Directions. Reproduce the following records exactly from the line containing "Rinden cuentas ante" onward, ending with the last line and including it.
** Opening Data listing block **
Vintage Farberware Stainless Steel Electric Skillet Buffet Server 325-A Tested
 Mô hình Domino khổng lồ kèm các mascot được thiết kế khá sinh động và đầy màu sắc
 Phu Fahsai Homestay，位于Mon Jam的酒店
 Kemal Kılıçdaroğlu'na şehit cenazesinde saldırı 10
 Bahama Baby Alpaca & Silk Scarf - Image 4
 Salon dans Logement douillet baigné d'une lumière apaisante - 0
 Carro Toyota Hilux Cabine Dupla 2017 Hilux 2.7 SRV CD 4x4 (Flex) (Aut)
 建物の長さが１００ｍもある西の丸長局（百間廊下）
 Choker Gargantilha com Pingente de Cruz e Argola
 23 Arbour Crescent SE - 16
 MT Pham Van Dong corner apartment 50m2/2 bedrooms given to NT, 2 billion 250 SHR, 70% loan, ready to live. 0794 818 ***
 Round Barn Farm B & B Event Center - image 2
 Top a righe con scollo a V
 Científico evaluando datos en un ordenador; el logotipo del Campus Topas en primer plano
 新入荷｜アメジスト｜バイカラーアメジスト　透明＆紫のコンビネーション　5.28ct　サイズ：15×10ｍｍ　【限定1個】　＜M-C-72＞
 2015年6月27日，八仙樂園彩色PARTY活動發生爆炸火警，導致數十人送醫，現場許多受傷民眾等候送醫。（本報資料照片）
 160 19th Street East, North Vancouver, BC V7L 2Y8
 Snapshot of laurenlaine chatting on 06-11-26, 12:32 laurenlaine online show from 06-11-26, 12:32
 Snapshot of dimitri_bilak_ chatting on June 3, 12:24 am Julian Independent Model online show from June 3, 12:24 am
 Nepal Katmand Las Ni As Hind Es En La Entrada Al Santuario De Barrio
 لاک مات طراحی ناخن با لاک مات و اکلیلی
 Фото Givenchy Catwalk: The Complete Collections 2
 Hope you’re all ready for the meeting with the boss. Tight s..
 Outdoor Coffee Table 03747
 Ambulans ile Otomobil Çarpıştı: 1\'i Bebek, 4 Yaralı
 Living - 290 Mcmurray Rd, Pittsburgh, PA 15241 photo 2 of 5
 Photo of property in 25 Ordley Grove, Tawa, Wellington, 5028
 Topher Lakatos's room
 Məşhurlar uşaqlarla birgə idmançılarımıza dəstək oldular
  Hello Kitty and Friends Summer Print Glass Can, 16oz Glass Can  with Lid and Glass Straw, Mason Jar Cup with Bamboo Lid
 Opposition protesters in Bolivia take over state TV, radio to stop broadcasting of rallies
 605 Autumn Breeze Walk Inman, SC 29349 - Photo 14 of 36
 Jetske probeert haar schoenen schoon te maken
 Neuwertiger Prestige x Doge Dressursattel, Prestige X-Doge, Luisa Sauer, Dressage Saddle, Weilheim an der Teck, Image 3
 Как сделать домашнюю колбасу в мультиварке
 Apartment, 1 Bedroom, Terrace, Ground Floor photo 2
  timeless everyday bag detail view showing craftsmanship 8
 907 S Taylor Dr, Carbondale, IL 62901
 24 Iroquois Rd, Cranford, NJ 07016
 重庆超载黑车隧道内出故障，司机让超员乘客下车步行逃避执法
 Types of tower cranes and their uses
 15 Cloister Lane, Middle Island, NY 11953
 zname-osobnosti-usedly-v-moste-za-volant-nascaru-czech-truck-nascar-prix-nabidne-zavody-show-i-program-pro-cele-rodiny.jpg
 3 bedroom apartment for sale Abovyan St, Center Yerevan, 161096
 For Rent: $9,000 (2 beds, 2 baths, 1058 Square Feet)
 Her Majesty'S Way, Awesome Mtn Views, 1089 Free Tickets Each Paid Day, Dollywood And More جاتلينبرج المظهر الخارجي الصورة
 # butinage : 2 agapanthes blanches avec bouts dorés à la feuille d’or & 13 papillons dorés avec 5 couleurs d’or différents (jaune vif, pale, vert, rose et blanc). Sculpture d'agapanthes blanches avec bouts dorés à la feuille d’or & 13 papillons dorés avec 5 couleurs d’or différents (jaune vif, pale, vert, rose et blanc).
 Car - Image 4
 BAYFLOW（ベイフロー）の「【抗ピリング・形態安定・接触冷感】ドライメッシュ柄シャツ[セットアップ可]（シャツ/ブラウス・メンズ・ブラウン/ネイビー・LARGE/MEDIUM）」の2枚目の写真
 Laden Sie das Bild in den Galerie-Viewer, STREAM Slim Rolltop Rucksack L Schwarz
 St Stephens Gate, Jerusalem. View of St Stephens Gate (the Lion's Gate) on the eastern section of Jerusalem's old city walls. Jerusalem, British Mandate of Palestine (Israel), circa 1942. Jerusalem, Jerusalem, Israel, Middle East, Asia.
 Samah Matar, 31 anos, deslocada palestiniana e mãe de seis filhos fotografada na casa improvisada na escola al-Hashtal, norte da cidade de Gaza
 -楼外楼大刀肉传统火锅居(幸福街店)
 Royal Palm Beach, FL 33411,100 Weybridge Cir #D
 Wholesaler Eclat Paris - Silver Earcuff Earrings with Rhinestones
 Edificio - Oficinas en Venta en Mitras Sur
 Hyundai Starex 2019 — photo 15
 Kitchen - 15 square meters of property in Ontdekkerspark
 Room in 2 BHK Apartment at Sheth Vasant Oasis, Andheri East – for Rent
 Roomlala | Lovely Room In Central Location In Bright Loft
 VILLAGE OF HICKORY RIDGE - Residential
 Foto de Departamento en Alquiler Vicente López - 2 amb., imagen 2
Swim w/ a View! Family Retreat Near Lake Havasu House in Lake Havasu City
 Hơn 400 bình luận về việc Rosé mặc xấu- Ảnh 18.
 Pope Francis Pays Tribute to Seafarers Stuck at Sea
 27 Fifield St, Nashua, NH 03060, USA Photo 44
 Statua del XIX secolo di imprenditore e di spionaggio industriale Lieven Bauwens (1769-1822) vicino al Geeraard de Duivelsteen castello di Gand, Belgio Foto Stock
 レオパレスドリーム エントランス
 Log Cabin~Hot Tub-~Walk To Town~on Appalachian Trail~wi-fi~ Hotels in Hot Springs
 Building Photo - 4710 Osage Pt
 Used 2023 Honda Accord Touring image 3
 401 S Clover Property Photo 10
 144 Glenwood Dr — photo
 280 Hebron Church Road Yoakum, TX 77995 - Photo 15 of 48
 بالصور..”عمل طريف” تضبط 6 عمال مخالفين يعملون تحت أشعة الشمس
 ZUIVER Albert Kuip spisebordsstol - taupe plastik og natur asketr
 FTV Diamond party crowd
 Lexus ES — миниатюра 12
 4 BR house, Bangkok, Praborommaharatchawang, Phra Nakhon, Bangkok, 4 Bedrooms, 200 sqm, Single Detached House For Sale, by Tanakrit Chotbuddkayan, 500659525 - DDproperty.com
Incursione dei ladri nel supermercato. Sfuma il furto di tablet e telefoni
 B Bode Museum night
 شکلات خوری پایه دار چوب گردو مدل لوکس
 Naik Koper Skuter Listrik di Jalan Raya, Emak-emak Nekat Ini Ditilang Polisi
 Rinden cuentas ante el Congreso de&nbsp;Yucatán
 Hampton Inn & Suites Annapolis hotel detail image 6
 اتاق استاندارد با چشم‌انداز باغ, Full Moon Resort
** Closing Data listing block **
Answer to the problem.
 Rinden cuentas ante el Congreso de&nbsp;Yucatán
 Hampton Inn & Suites Annapolis hotel detail image 6
 اتاق استاندارد با چشم‌انداز باغ, Full Moon Resort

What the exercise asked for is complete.